Les fondements de ce troisième mandat, Alpha Condé compte les inscrire dans les nombreux grands chantiers qu’il engage en Guinée. Cela permettrait de préparer un bilan dans lequel il va puiser ses arguments résumés dans cette technique déjà éprouvée ailleurs sur le Continent : pour parachever mes projets, il me faut plus de temps donc un troisième mandat.

Mohamed Ould Abdelaziz, un soutien à un autre candidat (vraiment ?)

« Je soutiendrais un candidat en 2019». Mohamed Ould Abdelaziz a voulu faire taire les rumeurs sur sa volonté fantasmée de vouloir rempiler à la tête du pays. Elu en 2009 puis réélu en 2014, le président mauritanien n’avait pas besoin de cette précision. Pour un chef d’Etat d’une République islamique, qui prête un serment à connotation religieuse, l’article 28 de la constitution lui indique prestement de ne faire que deux mandats.

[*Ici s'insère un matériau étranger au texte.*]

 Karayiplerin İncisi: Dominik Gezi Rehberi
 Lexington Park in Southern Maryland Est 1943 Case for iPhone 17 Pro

Pourquoi alors la rumeur persiste dans le pays ? Parce que les proches du président continuent d’alimenter l’idée d’un troisième mandat. Les opposants les plus farouches indiquent que la modification sur la limite de mandat a été escamotée sous les changements induits par la nouvelle constitution. Dans tous les cas, une chose est sure, Mohamed Ould Abdelaziz semble être le seul à croire qu’il sera l’homme qui surveille le pays depuis le rocking-chair de sa retraite. L’avenir le dira.

Abdel Fattah Al Sissi, méthode Coué

Il a prêté serment pour son second. Comme pour se convaincre que celui-ci sera le dernier, le président égyptien, arrivé au pouvoir par un coup d’Etat contre Mohamed Morsi, puis élu en 2014 avant de rempiler lors d’un scrutin solitaire ou presque, a adopté la méthode Coué. « Cela ne me convient pas (…) de rester un jour de plus président contre la volonté des Égyptiens », fait-il savoir. Trahi par sa précision ?

En tout cas, beaucoup voient dans ce besoin de précision, une porte aménagée vers un possible troisième mandat dont Al-Sissi veut se laisser le temps de prendre sa décision. Dans un pays qu’il dirige d’une poigne de titane, l’expression « volonté des Égyptiens» offre un large spectre d’interprétations. Et l’on pourrait passer pour « volonté » ce qui n’est en réalité que cosmétique. Même s’il faut accorder le bénéfice du doute à celui qui a pu obtenir un candidat au sein de ses fervents défenseurs pour donner un parfum démocratique à son élection.